Fabricada en 1856 en Guyana y de sólo 2,54 x 3,18 centímetros, esta estampilla octogonal lleva las iniciales en tinta negra del jefe de la oficina de correos guyanesa.

David Redden, el director de proyectos especiales de Sotheby's, describió la estampilla como un artículo "de extraordinaria fama y carisma" que además está en condiciones óptimas, tomando en cuenta que tiene más de 150 años.

Su último comprador fue el multimillonario asesino estadounidense John du Pont, que la adquirió en 1980, pero la última vez que este tesoro postal había sido presentado al público --antes de la muestra en Sotheby's para la actual subasta-- fue en 1986.

La estampilla ya está acostumbrada a romper récords. Ha sido vendida tres veces en subastas y, "cada vez, marcó el récord de venta de un timbre único", señaló la casa de subastas en un comunicado.

Sotheby's añadió que esta estampilla es el único ejemplar que queda de un sello postal magenta de un centavo. Es tan rara que ni siquiera forma parte de la colección filatélica de la familia real británica.

- La estrella de los coleccionistas -

Es "la estrella más grande y más brillante del enorme universo de los coleccionistas", dijo Redden a la AFP en febrero.

Inglaterra abastecía de estampillas a la Guyana británica, una pequeña colonia en el Caribe al este de Venezuela que se independizó en 1966. No obstante, cuando los cargamentos se demoraban, el jefe de la oficina de correos guyanesa mandaba a hacer suministros de contingencia.

Entonces las imprentas de la Gaceta Real local rápidamente imprimían estampillas magenta de un centavo y cuatro centavos, y una azul de cuatro centavos.

Este único ejemplar de la magenta de un centavo fue descubierto en 1873 por Vernon Vaughan, un escocés de 12 años que vivía con su familia en la Guyana Británica.

El niño la encontró entre viejos papeles de la familia y la añadió a su álbum de estampillas. Luego Vaughan la vendió a otro coleccionista por unos chelines, y así la futura gran estrella de la filatelia fue a dar a Gran Bretaña en 1878.

Allí la compró el conde francés Philippe la Renotiere von Ferrary, quien tal vez fue el mayor coleccionista de estampillas de la historia, y luego el sello fue donado a un museo en Berlín.

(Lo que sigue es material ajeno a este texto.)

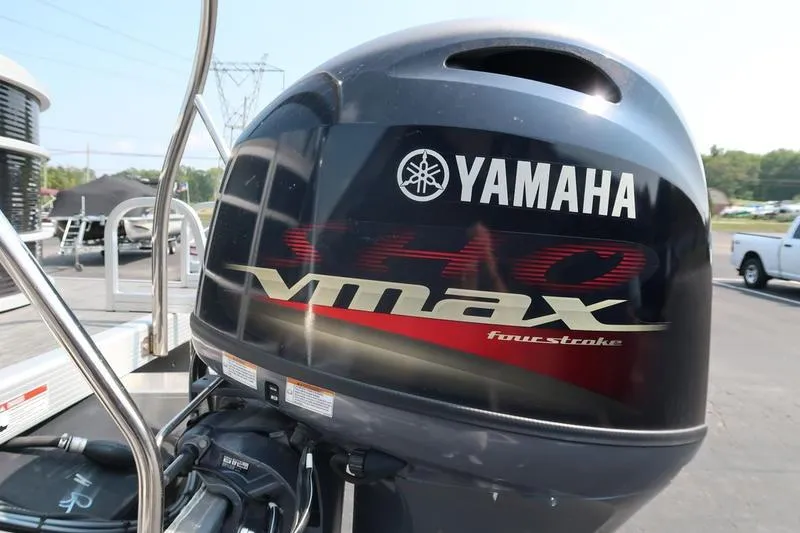 Slide: The Image of Yamaha VMAX outboard motor on 2023 Bennington 22 SXSR boat, parked outdoors. - 10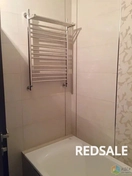 Фиксация полотенцесушителя и подключение  к системе отопления и проверка работоспособности.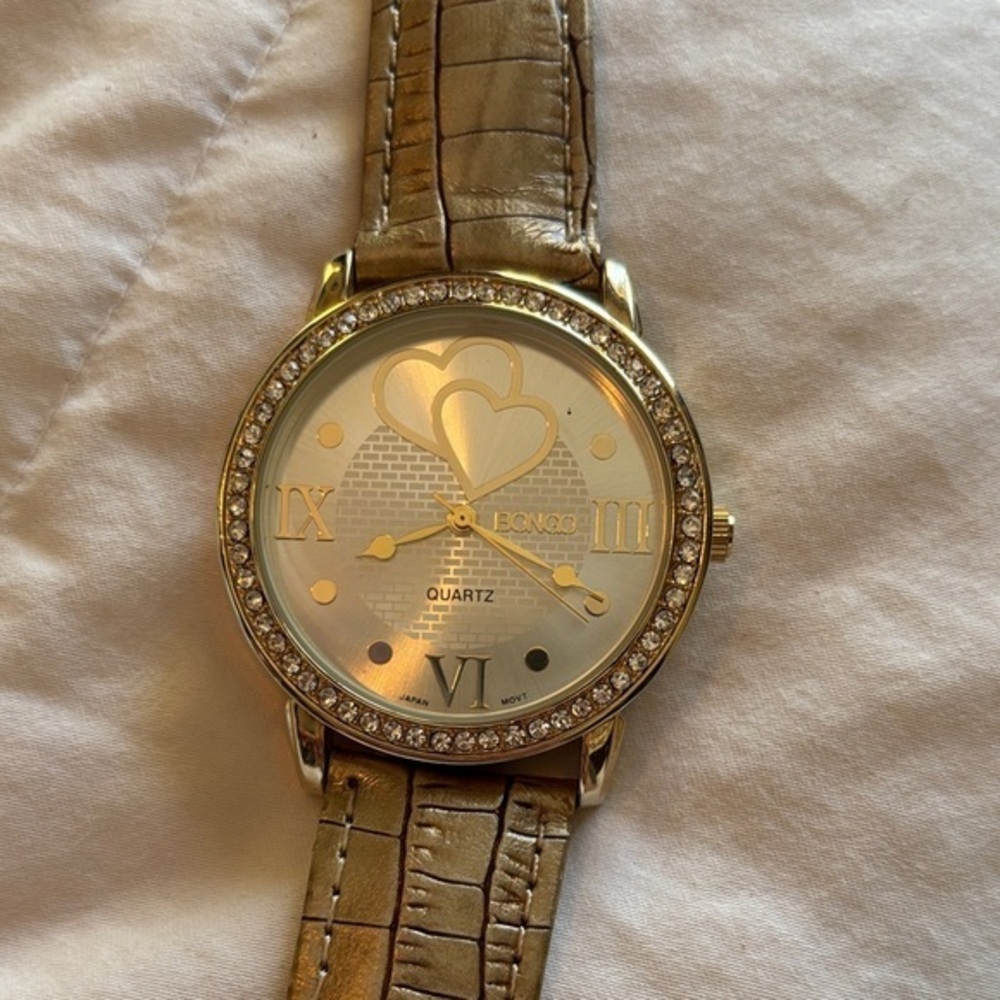 Bongo stainless steel Accutime watch Corp golden hearts and animal textured band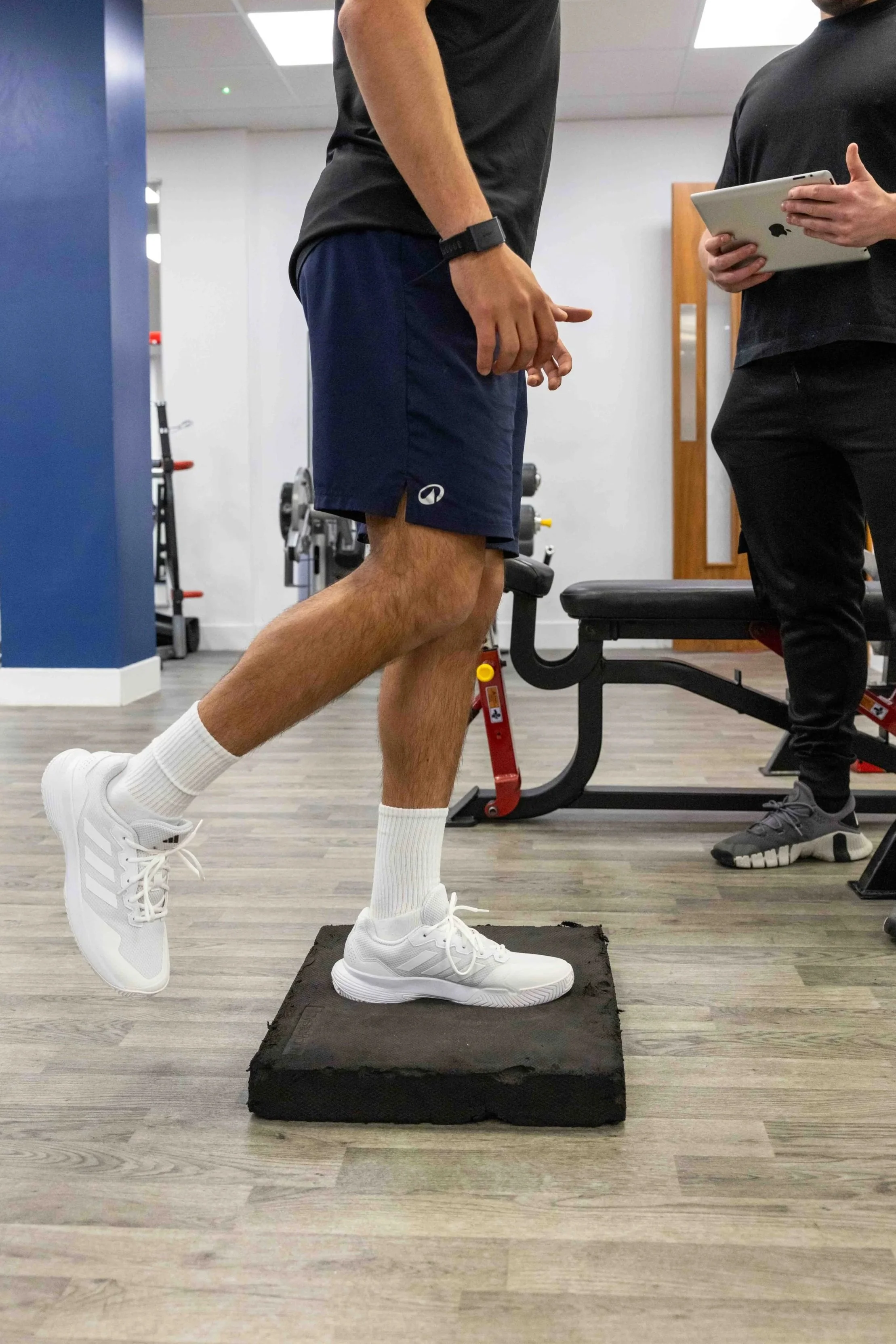 Client performing a single-leg balance exercise on a foam pad during a rehabilitation session at NRG Sports Therapy in Bloomsbury.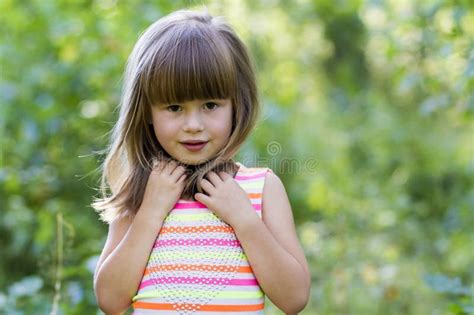 Portrait of Beautiful Little Girl with Dark Hair Outside Stock Image ...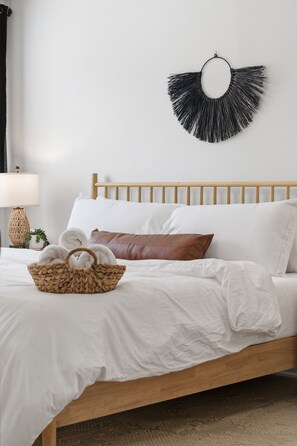 Ein Bett mit weißer Bettwäsche, einem Holzkopfende, einem gewebten Korb mit Handtüchern und einer schwarzen, runden Wanddekoration.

Tras la I Guerra Mundial, Francia incautó esta colección y vendió la estampilla en 1922 a Arthur Hind, un magnate textil de Nueva York que pagó el entonces récord de 35.000 dólares. Hind la vendió años más tarde, en 1970, por otra cifra récord: 280.000 dólares.

En 1980, el ahora fallecido multimillonario Du Pont la compró por 935.000 dólares, el tercer récord de este codiciado pedazo de papel.

En un caso que removió a la sociedad estadounidense, Du Pont mató en 1996 de un tiro a Dave Schultz, un campeón olímpico y mundial de lucha libre. Murió en prisión en 2010.

Tras la muerte de Du Pont, la diminuta estampilla fue vendida por los herederos y ha estado desde entonces en exposición en las casas Sotheby's de Londres, Hong Kong y Nueva York.

El actual récord de venta de una estampilla sola lo ostenta la Treskilling amarilla, subastada por 2,2 millones en 1996.